This is the best way to frame the "tech laws problem" I've seen in a long
time. I'm curious: what is the best way to approach the bikeshedding issue?

On the one hand, the people who recognize the issue tend to be technical. On
the other, the solution will inevitably be a social one, unless something
comes along that makes patents and technological laws moot.

Here are three social avenues I could see being helpful, but none of them
seems to solve the problem. I'd love to know what people are doing in this
area.

a) Improve technical education for the general public so that they can call
BS, or make reasonable decisions.

b) Improve technical education of public servants that make crucial decisions
regarding technology. I'm not competent to rule in a legal case about
pollution, so why should we assume judges are competent to rule in a legal
case about code? (How do you measure that? Certifications? - egh).

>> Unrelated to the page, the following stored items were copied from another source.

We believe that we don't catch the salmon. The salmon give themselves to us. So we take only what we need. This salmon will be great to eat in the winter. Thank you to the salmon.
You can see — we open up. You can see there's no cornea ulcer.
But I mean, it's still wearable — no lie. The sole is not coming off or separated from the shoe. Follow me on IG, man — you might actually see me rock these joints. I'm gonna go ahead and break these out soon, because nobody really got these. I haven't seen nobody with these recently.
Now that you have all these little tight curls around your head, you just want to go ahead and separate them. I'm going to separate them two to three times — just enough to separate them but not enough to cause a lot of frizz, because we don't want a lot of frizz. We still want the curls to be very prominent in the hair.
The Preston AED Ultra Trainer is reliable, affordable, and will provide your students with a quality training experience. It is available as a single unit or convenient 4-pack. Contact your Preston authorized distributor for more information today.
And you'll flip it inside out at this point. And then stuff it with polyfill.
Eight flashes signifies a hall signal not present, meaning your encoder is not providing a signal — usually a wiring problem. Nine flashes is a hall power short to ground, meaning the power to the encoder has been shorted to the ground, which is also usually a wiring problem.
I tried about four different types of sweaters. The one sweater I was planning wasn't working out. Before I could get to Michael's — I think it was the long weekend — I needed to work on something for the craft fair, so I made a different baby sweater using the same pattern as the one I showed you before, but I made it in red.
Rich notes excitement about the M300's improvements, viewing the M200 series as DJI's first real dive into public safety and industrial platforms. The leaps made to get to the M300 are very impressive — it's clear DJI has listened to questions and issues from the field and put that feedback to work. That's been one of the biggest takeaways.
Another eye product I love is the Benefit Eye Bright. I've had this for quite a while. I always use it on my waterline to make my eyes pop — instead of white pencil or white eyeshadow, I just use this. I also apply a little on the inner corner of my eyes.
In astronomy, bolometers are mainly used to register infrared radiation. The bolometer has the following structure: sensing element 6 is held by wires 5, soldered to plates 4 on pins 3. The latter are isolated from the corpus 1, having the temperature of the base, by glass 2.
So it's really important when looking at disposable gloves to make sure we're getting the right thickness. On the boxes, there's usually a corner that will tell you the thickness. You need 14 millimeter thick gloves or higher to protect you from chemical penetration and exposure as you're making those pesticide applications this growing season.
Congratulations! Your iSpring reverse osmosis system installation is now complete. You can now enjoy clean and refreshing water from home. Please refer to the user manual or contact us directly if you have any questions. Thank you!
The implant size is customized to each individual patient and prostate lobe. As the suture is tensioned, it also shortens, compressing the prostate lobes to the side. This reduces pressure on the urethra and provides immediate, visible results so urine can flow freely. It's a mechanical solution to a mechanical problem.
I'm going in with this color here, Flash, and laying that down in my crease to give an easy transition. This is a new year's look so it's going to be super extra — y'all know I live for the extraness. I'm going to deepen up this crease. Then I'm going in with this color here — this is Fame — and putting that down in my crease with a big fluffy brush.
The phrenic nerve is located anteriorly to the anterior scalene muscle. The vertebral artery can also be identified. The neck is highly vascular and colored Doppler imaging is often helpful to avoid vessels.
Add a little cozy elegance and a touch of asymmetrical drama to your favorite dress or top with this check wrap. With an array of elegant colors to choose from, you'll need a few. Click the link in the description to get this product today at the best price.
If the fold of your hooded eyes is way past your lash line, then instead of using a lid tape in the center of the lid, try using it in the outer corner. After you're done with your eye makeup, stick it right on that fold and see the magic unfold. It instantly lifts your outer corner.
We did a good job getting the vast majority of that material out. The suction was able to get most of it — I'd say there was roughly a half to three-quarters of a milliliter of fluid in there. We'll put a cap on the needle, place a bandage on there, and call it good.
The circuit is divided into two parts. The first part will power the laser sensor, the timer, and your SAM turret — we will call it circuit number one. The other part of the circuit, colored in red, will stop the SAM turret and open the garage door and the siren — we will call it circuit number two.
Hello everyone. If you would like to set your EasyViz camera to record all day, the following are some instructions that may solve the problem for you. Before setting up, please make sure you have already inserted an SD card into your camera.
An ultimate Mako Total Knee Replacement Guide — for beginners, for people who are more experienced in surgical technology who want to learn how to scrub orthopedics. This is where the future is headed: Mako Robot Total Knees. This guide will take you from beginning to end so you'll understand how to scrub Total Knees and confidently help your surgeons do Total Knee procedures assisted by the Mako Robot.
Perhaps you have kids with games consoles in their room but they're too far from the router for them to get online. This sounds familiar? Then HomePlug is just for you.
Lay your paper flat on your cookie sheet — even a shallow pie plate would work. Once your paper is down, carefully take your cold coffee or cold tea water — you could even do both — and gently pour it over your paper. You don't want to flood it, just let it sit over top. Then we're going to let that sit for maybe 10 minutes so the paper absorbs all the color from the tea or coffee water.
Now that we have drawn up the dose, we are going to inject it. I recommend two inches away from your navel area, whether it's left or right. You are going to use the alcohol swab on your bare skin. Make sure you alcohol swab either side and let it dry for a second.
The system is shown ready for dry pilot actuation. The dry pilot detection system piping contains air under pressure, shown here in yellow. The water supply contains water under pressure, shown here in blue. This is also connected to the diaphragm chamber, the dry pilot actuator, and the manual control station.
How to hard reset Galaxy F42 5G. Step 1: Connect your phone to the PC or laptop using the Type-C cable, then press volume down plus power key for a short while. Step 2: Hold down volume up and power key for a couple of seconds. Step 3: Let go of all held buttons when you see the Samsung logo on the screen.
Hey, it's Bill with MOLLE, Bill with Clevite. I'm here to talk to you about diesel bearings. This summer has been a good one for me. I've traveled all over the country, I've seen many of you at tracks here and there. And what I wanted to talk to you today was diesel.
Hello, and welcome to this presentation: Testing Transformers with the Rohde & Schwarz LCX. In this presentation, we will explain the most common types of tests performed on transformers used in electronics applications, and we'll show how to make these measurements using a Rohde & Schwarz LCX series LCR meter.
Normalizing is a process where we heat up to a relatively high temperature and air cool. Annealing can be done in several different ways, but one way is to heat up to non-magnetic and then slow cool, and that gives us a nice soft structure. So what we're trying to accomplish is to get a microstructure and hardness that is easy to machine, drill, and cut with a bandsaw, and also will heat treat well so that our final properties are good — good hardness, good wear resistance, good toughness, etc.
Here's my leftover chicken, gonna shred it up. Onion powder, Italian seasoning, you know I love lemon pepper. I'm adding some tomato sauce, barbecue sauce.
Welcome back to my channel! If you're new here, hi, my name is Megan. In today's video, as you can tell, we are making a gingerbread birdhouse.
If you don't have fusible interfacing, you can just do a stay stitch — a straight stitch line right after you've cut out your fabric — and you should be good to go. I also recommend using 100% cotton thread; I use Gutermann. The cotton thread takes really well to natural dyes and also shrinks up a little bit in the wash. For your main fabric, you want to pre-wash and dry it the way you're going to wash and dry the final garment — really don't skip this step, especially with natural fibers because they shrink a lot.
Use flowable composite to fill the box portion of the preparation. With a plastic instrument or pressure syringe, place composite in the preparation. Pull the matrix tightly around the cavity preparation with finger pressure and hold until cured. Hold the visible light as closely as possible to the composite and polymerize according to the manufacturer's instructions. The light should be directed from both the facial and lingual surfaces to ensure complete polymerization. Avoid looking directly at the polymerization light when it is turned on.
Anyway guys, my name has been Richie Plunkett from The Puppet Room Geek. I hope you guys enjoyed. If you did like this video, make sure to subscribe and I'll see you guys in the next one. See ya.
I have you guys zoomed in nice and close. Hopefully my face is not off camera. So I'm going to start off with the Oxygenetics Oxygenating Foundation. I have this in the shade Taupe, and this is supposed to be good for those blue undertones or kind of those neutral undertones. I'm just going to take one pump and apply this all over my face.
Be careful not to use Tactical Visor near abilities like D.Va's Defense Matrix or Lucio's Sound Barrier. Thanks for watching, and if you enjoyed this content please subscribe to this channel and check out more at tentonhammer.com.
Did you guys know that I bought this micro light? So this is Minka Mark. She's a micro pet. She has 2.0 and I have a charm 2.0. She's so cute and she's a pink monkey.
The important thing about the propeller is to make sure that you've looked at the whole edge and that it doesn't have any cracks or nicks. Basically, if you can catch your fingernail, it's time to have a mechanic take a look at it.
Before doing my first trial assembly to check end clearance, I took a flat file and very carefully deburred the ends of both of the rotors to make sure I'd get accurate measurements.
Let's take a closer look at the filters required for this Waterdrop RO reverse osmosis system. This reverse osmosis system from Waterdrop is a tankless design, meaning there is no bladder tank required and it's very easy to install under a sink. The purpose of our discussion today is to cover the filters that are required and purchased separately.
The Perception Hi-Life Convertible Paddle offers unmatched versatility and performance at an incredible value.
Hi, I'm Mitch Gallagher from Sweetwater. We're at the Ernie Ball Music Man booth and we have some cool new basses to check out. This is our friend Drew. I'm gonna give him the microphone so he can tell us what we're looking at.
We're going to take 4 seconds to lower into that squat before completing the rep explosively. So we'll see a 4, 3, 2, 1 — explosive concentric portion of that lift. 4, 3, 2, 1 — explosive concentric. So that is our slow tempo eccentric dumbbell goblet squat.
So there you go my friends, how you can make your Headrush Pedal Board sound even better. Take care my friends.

c) Improve social outreach for technical people. Most technical people
probably want to build cool things instead of sit in Congress, knock on doors,
or otherwise get involved. I've talked with engineers who despise legal
proceedings so much they started trolling the lawyers in depositions. Honestly
I'd rather build something cool than think for five hours about how to get
people to care about patent law. Maybe that should change.

I'd love feedback on this, because the bikeshedding issue is the scariest
social problem I can't think of a solution to. It doesn't just affect a
specific patent, it affects the way we rule on them in general.

If you are both a lawyer and technical, I would really love your feedback,
here, or via email.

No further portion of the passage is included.